Monday, April 2, 2012

Random MONKEY-trucking! there are a half-dozen partial posts (by which, I mean pictures with at least half-interesting titles, if not decent text...or any text...) in my drafts folder, but instead--I think I will post some bullshite stream of consciousness cram. (That was a total accident, I meant to say "crap," but it made me think of the cramberries and giggle--so I am leaving it. We have covered the stubborn bit. Plus, until someone else is reading this, I figure I can be a self-indulgent ass...Like I usually am.)

Alright, so not related to anything: “Toddlers & Tiaras” is one of the most messed up things I have ever seen…It is almost enough to make me think booze and Netflix is a bad thing. Almost. My only consolation is that it is not the kids who look nutso in the buttso on the show. That--and apparently it is educational. I will admit to being 3-deep tonight (I always giggle when I say that, but I mean drinks), but I am LEARNING shit.

A) There is/was a little 6-year-old girl in West Virginia simultaneously participating in wrestling and pageants. Each is creepy to some. Some find both creepy. But still--it shows breadth. At age 6.

B) According to this documentary (that sounds SO much classier than “reality show”), I have discovered that child pageants are a gathering place for gay (or pseudo-gay) men in West Virginia. It isn’t anything pervy! I want to be clear on that. But, apparently, they aren’t allowed to gather elsewhere in the state. As a result, they seemingly marry, have children, then coach those children in pageants, so they can finally achieve a more comfortable social setting.

C) The word “personality” is said no less than 24.78 bajillion times per pageant. “Personality” is a stand-in for everything from physical attractiveness, to expensive clothing, to dance skills.

D) Apparently, it is legal to dress a small child up as a dominatrix, have her dance provocatively in front of an audience, and then televise it.

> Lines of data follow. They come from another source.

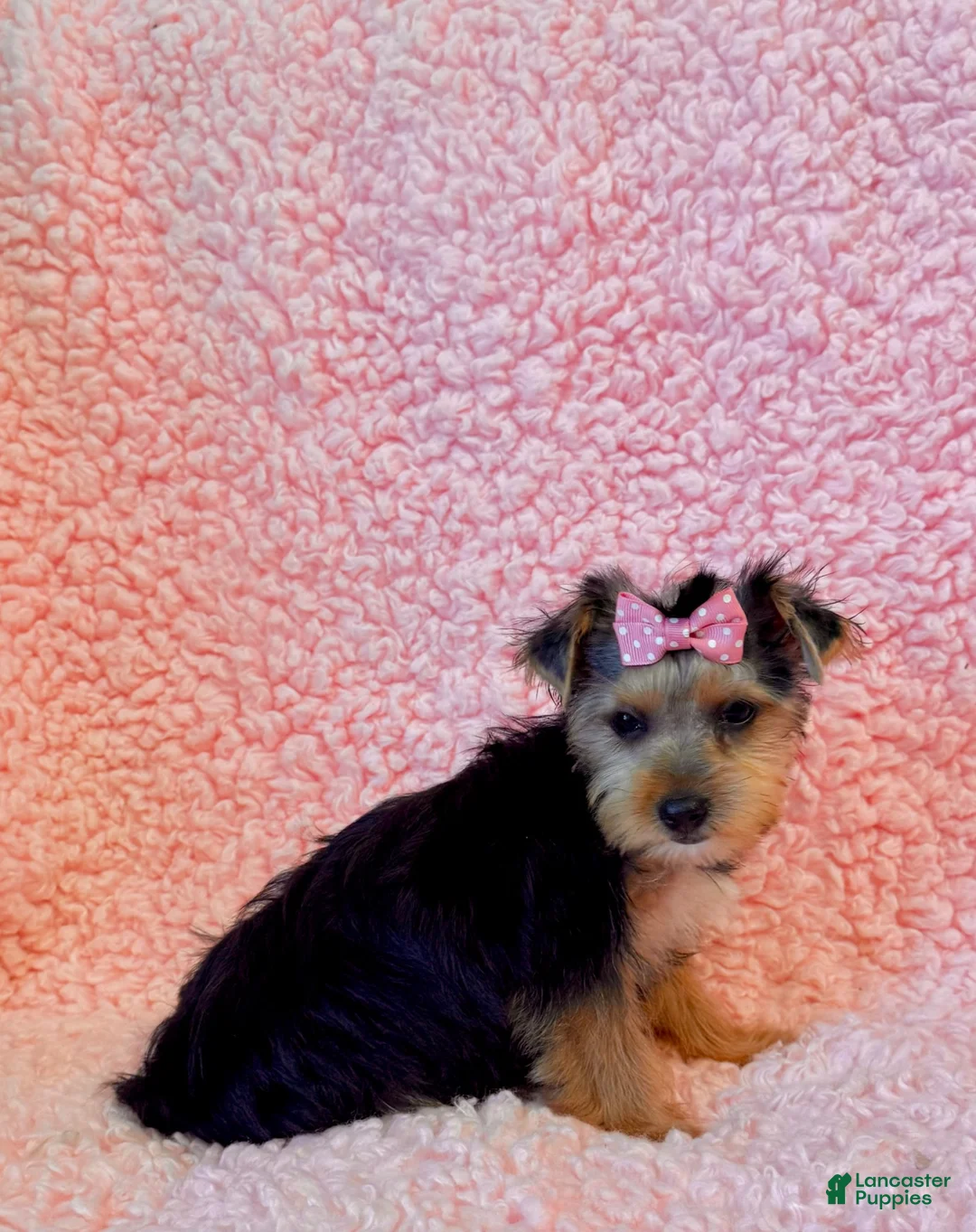 Yorkshire Terrier dogs for sale: Melody toy Yorkshire  - Ad 2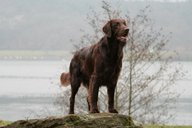 Foto-Anzeige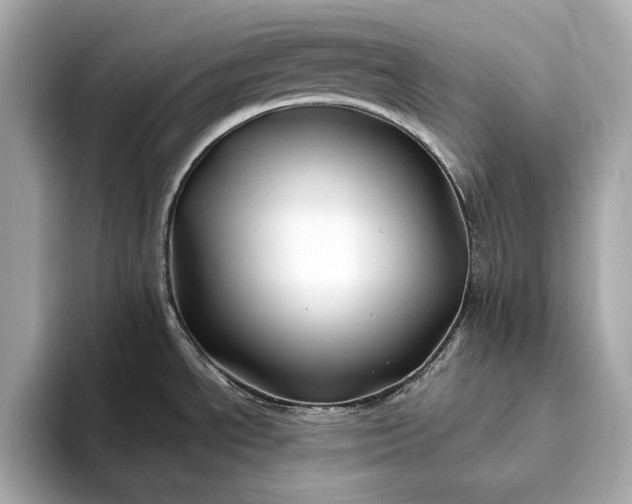 X0000094081534200711021504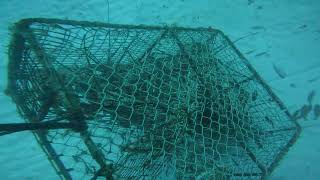 pescando langostas con trampas primera requerida del año enero 2024 en isla mujeres QRoo mexico [upl. by Tehc]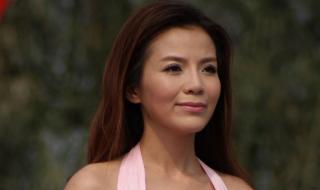 山东综艺我是大明星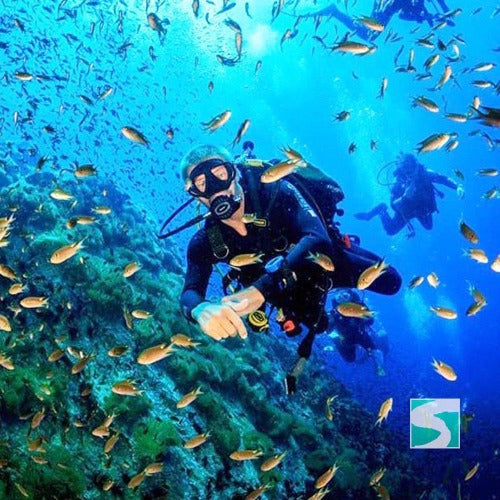 Koh Samui diving course - pool & open sea - kohsamui.tours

E) Competition has become this bizarre mélange of speaking well of the competition, trying to cut everyone else down, taking any advantage you can buy, and awarding everyone a prize regardless of performance. My cow. I find this shit confusing, what the hell do little girls make of this? “Stab her in the back, but then give her a ribbon for taking it like a champ!’?

I don’t really have any Science. (But neither do most of the people who claim “Science”…one more shampoo telling me it is “Scientifically improved” and I am going to make some ad executive out there a shampoo pudding for dessert.) Here is what I do have: How many of these lessons have we not already learned from Disney? (How do I make the “registered trade-mark symbol”?)

Wow. I was going to tell you about how awesome mint juleps are…but clearly I need to go to bed. Insomnia (last night) is a bitch, and I will cut that bitch the first chance I get. (But I’ll give her a present if she takes it well.) In the mean time, I will publish this nonsense, take a shower, use my partner’s armpit as a hair-styling tool (I will explain later…maybe), and go the fuck to bed. Which is good. Now I have to have a mint julep again soon, so I can explain how awesome they are.

P.S. That picture is of a mint julep.

P.P.S. My initials are engraved on that cup.

P.P.P.S. Yes, I am a bad-ass-monkey-trucking-madam of an imbiber.